# [Activity]
What is needed is an exact copy of the lines in the entries below from the one holding "Powerful solar x-flare" through the one holding "RedDoorz at Happy Stay Apartelle", pictures excluded.

# [Records for this task]
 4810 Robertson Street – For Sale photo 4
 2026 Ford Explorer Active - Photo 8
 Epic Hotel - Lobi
...
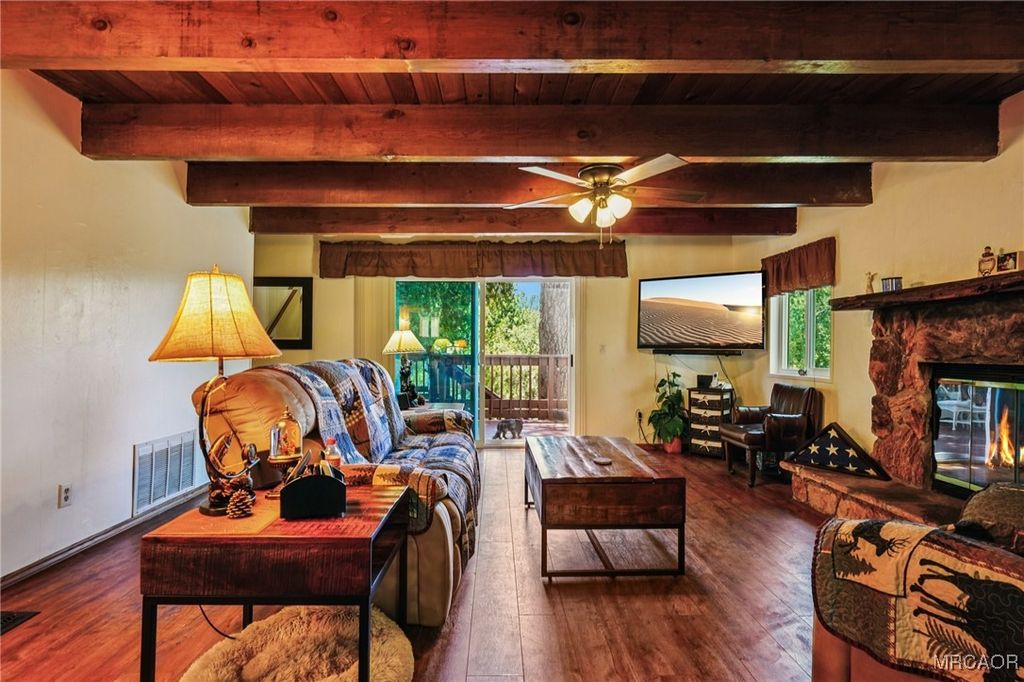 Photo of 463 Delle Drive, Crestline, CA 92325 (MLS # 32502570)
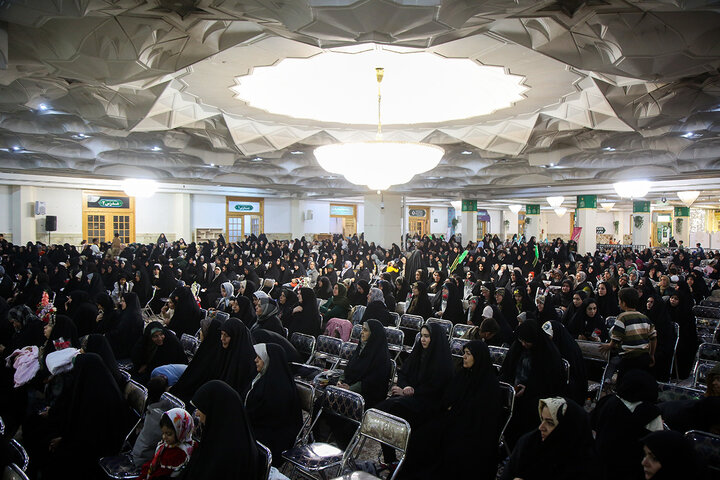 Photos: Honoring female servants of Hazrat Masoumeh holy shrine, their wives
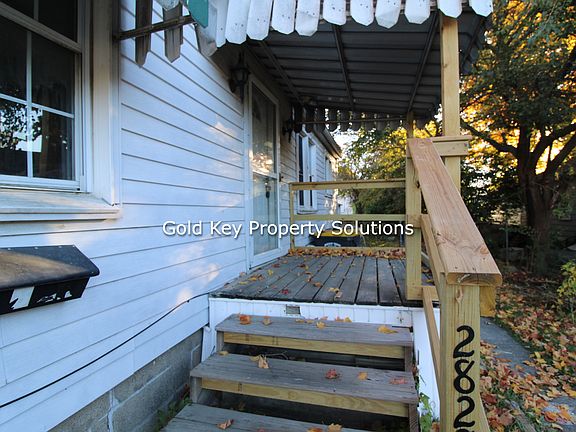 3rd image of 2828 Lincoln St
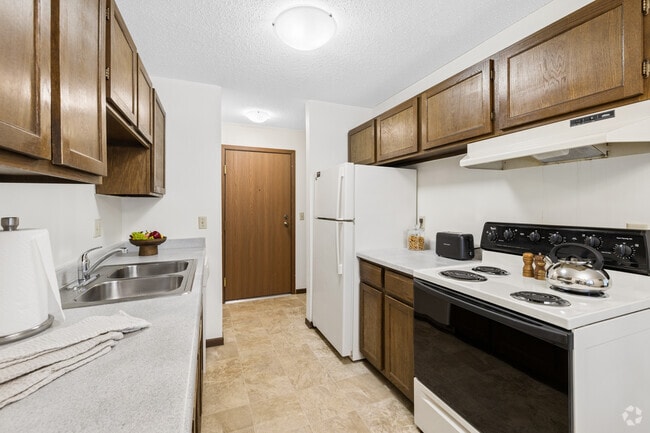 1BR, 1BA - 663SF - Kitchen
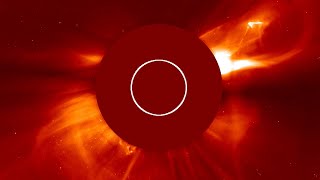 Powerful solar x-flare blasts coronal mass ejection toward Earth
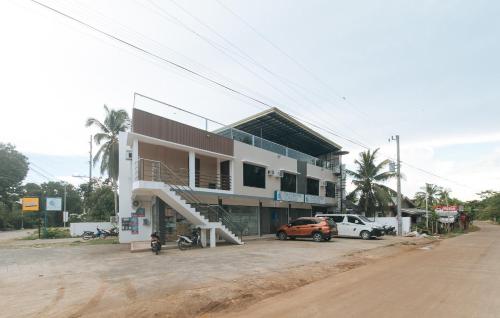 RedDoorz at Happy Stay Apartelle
...
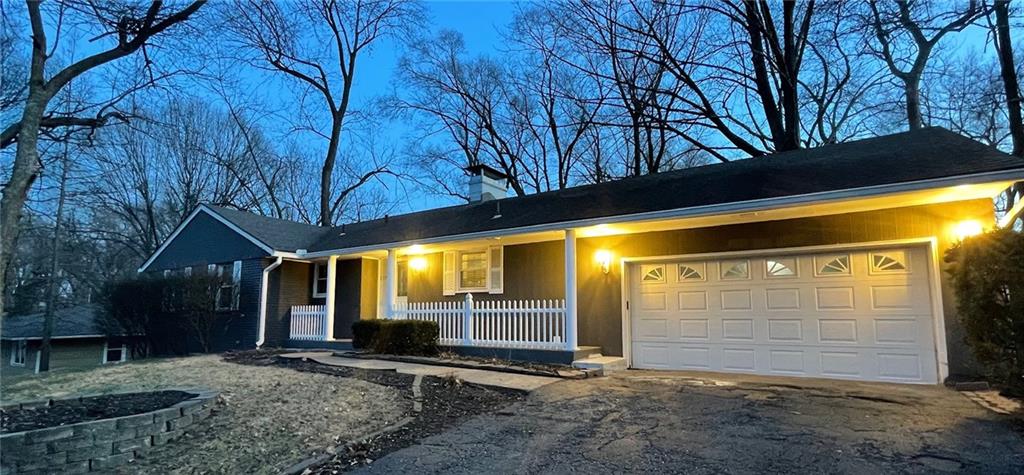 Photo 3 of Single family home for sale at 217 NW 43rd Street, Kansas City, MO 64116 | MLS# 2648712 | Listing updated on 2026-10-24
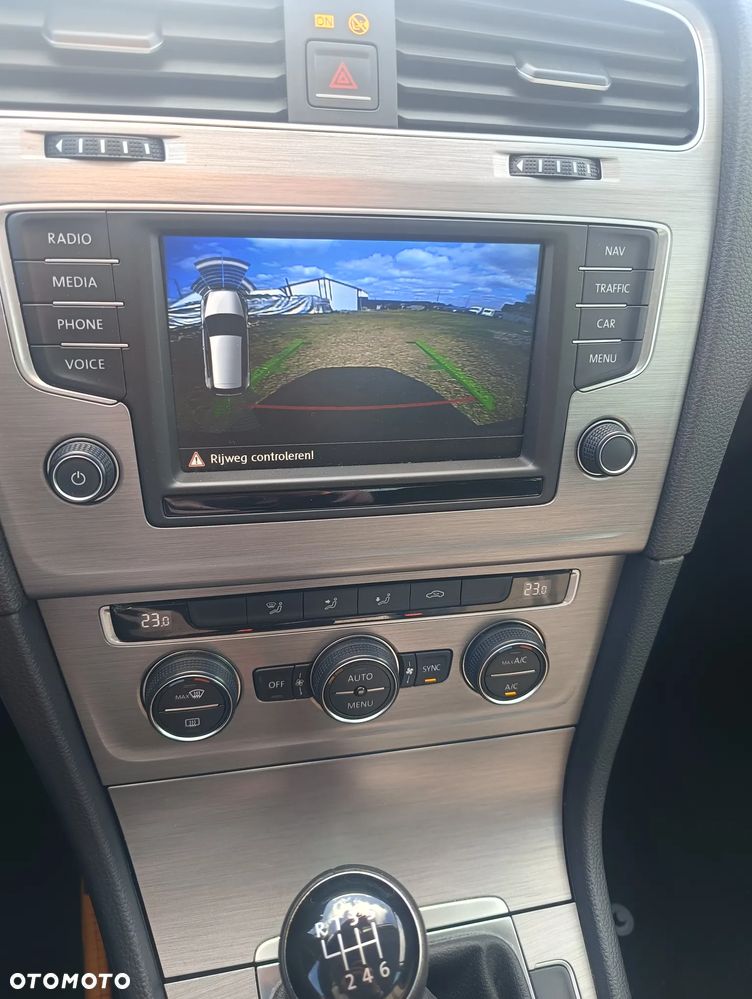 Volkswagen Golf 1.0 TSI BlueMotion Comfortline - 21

# [Response area]
 Powerful solar x-flare blasts coronal mass ejection toward Earth
 RedDoorz at Happy Stay Apartelle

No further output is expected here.